→ Work request: The data below is to be retyped exactly, line by line.

───── Recorded information

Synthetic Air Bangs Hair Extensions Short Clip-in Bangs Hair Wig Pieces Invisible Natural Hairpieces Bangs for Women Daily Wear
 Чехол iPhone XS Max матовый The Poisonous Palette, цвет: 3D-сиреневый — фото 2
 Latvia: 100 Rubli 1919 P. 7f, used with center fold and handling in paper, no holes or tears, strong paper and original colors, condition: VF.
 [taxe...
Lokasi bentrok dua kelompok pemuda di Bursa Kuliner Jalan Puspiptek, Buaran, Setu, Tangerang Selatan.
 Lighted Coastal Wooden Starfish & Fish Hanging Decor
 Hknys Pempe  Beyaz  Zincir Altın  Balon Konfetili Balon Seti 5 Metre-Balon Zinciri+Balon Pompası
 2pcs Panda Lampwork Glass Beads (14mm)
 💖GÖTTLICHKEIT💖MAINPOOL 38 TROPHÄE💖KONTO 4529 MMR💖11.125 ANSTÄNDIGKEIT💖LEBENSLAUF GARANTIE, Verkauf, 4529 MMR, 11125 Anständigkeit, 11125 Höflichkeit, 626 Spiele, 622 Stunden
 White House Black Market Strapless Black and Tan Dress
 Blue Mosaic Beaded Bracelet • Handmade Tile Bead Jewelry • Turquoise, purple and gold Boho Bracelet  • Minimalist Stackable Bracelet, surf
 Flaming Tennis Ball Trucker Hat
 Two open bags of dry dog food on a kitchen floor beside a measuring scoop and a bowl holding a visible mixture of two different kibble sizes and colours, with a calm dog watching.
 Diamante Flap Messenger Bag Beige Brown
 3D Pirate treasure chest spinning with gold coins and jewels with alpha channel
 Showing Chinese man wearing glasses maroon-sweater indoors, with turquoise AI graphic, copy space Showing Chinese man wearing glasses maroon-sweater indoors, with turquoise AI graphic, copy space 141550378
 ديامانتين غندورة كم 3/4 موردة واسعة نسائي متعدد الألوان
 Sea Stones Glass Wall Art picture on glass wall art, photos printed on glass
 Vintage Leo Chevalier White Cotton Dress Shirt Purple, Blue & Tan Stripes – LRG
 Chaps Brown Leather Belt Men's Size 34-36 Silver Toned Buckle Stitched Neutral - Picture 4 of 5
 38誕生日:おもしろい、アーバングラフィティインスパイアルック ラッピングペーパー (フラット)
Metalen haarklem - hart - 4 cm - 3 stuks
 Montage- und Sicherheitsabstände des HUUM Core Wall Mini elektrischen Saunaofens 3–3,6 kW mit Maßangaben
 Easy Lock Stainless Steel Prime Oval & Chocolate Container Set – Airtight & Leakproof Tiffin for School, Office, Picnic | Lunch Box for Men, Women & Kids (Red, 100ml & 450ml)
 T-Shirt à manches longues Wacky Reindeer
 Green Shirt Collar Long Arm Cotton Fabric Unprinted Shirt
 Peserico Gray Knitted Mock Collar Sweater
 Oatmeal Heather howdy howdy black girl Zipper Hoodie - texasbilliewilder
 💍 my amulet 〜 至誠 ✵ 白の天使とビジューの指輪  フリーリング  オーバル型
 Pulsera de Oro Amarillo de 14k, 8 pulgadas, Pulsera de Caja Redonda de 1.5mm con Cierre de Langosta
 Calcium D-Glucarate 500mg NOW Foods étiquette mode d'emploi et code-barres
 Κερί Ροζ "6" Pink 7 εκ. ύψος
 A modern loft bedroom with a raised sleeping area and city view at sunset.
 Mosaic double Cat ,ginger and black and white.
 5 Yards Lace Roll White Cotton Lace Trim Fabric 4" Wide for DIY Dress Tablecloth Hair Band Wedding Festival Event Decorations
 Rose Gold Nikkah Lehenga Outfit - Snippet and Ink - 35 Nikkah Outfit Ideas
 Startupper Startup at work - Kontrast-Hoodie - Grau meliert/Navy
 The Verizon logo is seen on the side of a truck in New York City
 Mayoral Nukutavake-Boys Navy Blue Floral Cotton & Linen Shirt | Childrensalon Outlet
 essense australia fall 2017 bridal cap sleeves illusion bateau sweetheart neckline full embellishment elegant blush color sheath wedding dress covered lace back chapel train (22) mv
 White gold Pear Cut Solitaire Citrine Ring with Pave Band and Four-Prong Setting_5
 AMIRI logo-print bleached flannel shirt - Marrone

──────────

→ Answer area:
Synthetic Air Bangs Hair Extensions Short Clip-in Bangs Hair Wig Pieces Invisible Natural Hairpieces Bangs for Women Daily Wear
 Чехол iPhone XS Max матовый The Poisonous Palette, цвет: 3D-сиреневый — фото 2
 Latvia: 100 Rubli 1919 P. 7f, used with center fold and handling in paper, no holes or tears, strong paper and original colors, condition: VF.
 [taxe...
Lokasi bentrok dua kelompok pemuda di Bursa Kuliner Jalan Puspiptek, Buaran, Setu, Tangerang Selatan.
 Lighted Coastal Wooden Starfish & Fish Hanging Decor
 Hknys Pempe  Beyaz  Zincir Altın  Balon Konfetili Balon Seti 5 Metre-Balon Zinciri+Balon Pompası
 2pcs Panda Lampwork Glass Beads (14mm)
 💖GÖTTLICHKEIT💖MAINPOOL 38 TROPHÄE💖KONTO 4529 MMR💖11.125 ANSTÄNDIGKEIT💖LEBENSLAUF GARANTIE, Verkauf, 4529 MMR, 11125 Anständigkeit, 11125 Höflichkeit, 626 Spiele, 622 Stunden
 White House Black Market Strapless Black and Tan Dress
 Blue Mosaic Beaded Bracelet • Handmade Tile Bead Jewelry • Turquoise, purple and gold Boho Bracelet  • Minimalist Stackable Bracelet, surf
 Flaming Tennis Ball Trucker Hat
 Two open bags of dry dog food on a kitchen floor beside a measuring scoop and a bowl holding a visible mixture of two different kibble sizes and colours, with a calm dog watching.
 Diamante Flap Messenger Bag Beige Brown
 3D Pirate treasure chest spinning with gold coins and jewels with alpha channel
 Showing Chinese man wearing glasses maroon-sweater indoors, with turquoise AI graphic, copy space Showing Chinese man wearing glasses maroon-sweater indoors, with turquoise AI graphic, copy space 141550378
 ديامانتين غندورة كم 3/4 موردة واسعة نسائي متعدد الألوان
 Sea Stones Glass Wall Art picture on glass wall art, photos printed on glass
 Vintage Leo Chevalier White Cotton Dress Shirt Purple, Blue & Tan Stripes – LRG
 Chaps Brown Leather Belt Men's Size 34-36 Silver Toned Buckle Stitched Neutral - Picture 4 of 5
 38誕生日:おもしろい、アーバングラフィティインスパイアルック ラッピングペーパー (フラット)
Metalen haarklem - hart - 4 cm - 3 stuks
 Montage- und Sicherheitsabstände des HUUM Core Wall Mini elektrischen Saunaofens 3–3,6 kW mit Maßangaben
 Easy Lock Stainless Steel Prime Oval & Chocolate Container Set – Airtight & Leakproof Tiffin for School, Office, Picnic | Lunch Box for Men, Women & Kids (Red, 100ml & 450ml)
 T-Shirt à manches longues Wacky Reindeer
 Green Shirt Collar Long Arm Cotton Fabric Unprinted Shirt
 Peserico Gray Knitted Mock Collar Sweater
 Oatmeal Heather howdy howdy black girl Zipper Hoodie - texasbilliewilder
 💍 my amulet 〜 至誠 ✵ 白の天使とビジューの指輪  フリーリング  オーバル型
 Pulsera de Oro Amarillo de 14k, 8 pulgadas, Pulsera de Caja Redonda de 1.5mm con Cierre de Langosta
 Calcium D-Glucarate 500mg NOW Foods étiquette mode d'emploi et code-barres
 Κερί Ροζ "6" Pink 7 εκ. ύψος
 A modern loft bedroom with a raised sleeping area and city view at sunset.
 Mosaic double Cat ,ginger and black and white.
 5 Yards Lace Roll White Cotton Lace Trim Fabric 4" Wide for DIY Dress Tablecloth Hair Band Wedding Festival Event Decorations
 Rose Gold Nikkah Lehenga Outfit - Snippet and Ink - 35 Nikkah Outfit Ideas
 Startupper Startup at work - Kontrast-Hoodie - Grau meliert/Navy
 The Verizon logo is seen on the side of a truck in New York City
 Mayoral Nukutavake-Boys Navy Blue Floral Cotton & Linen Shirt | Childrensalon Outlet
 essense australia fall 2017 bridal cap sleeves illusion bateau sweetheart neckline full embellishment elegant blush color sheath wedding dress covered lace back chapel train (22) mv
 White gold Pear Cut Solitaire Citrine Ring with Pave Band and Four-Prong Setting_5
 AMIRI logo-print bleached flannel shirt - Marrone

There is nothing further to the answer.